2026-06-08

The bottleneck behind humanoid robots isn't hardware — it's data, and China is brute-forcing it with paid human video

— views

A June 3 report details how JD.com and others are paying ordinary people $3/hour to film chores so humanoid robots can learn. The real physical-AI race is over training data, and the supply chain is getting industrialized.

What shipped

The flashy physical-AI headlines this spring were about hardware and money — factory lines, deployment plans, billion-dollar rounds. The more important story is quieter and showed up in a June 3 report from Rest of World: the data supply chain for humanoid robots is being industrialized, and right now China is doing it at a scale nobody else is matching.

The clearest example is JD.com. Working with the local government in Suqian, the company is targeting 10 million hours of robotics training data over two years — and the breakdown matters. Per Gasgoo’s reporting, the plan front-loads 5 million hours of real-world human-scenario video in year one, climbs past 10 million hours in year two, and adds roughly 1 million hours of robot-body data on top. To collect it, JD says it will mobilize over 100,000 internal employees and up to 500,000 external workers across 100+ scenarios spanning logistics, manufacturing, healthcare, home services, and urban operations.

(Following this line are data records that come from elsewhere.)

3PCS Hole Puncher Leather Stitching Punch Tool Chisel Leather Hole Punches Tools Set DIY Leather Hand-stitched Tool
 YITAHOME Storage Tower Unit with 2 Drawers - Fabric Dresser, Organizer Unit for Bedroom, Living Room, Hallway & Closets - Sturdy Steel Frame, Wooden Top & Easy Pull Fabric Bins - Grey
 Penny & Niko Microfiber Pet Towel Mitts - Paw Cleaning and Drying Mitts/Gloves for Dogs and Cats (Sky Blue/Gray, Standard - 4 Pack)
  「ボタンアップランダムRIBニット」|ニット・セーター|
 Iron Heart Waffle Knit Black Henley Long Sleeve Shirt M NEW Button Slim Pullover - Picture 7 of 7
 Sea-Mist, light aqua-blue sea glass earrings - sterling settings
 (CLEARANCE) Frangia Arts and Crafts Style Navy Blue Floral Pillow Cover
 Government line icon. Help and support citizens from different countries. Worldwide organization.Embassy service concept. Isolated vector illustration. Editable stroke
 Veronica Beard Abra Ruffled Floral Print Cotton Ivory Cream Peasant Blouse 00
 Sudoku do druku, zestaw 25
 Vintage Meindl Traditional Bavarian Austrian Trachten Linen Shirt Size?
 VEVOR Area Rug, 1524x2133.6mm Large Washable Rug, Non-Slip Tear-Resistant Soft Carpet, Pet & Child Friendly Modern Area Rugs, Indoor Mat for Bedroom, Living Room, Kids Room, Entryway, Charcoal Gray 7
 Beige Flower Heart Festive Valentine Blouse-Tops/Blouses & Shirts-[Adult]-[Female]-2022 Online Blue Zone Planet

The collection method is the part builders should sit with. This isn’t expensive teleoperation rigs in a lab. It’s ordinary people wearing head cameras. Rest of World describes a stay-at-home worker filming chores six hours a day at 20 yuan (about $3) per hour, and a homeowner who paid 149 yuan (about $22) for a three-hour in-home session in which a robot from Shenzhen-based X Square Robot practiced folding a few clothing items and arranging shoes. Factory workers in Guangdong wear head cameras plus wrist sensors to capture hand movements on the line.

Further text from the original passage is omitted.